Benzer bir sürü de söz bulmak mümkün: Lafla peynir gemisi yürümez gibi. Bu söz de genel kültür açısından yazıyorum, Cimriliği ve sahtekarlığı ile bilinen Edirneli Aksi Yusuf adında bir peynir tüccarı için söylenmiş bir türlü gelmeyen peynir gemileri için.

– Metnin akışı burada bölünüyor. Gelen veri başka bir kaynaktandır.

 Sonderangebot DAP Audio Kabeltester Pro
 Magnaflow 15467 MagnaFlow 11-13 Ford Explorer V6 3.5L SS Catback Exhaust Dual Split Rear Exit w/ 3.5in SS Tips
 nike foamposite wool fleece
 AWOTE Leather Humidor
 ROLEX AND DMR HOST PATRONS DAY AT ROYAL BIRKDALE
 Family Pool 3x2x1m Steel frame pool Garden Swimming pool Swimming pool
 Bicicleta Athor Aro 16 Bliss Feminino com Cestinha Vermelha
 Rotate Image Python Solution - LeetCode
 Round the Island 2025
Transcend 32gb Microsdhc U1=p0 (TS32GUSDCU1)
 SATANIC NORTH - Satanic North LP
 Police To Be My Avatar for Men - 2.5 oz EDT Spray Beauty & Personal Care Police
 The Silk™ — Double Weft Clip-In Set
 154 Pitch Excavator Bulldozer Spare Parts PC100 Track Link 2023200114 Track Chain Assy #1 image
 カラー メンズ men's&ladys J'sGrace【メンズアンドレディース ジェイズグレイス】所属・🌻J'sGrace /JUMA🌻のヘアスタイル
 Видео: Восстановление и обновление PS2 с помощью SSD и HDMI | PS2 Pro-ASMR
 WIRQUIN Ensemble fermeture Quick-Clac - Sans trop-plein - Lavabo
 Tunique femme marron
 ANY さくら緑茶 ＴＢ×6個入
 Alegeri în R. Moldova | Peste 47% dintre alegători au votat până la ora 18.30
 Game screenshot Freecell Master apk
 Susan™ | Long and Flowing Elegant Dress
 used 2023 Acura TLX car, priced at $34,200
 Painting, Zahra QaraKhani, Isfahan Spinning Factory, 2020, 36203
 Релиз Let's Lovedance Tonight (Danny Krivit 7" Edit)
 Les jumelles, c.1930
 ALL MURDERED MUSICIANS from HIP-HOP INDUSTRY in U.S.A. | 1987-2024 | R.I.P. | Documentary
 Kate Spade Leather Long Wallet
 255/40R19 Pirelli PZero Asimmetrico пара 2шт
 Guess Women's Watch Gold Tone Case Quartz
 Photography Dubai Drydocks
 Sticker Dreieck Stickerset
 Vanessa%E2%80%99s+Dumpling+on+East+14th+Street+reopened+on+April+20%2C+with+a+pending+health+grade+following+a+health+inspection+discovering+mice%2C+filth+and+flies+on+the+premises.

BThaber olarak ve ben şahsım olarak şunu söylüyorum: Türkiye’nin önündeki en büyük engel dijital dönüşüm zorluğudur, aşıldığı anda her şey çok daha güzel olacak. Gazetemizdeki haberler, söyleşiler ve makalelerin çoğu da bu yöndedir. Nasıl dijital dönüşüm hızlandırılır, kim hangi konuda neler yaptı gibi onlarca söyleşiye de tanık olursunuz. Biz bununla ilgili iki de proje yarışması düzenliyoruz, Türkiye, süreçlerini proje üreterek en iyi dijitalleştiren TEKNOLOJİ KAPTANLARI ile pazarlama projelerinde teknolojiyi en iyi kullanana PAZARLAMA KAPTANLARI. Bütün amaç dijital dönüşümü hızlandırmak için özendirici projeleri tanıtmak
Bütün bu söylemleri yaparken BTHABER Şirketler Grubu olarak bizler ne yaptık peki?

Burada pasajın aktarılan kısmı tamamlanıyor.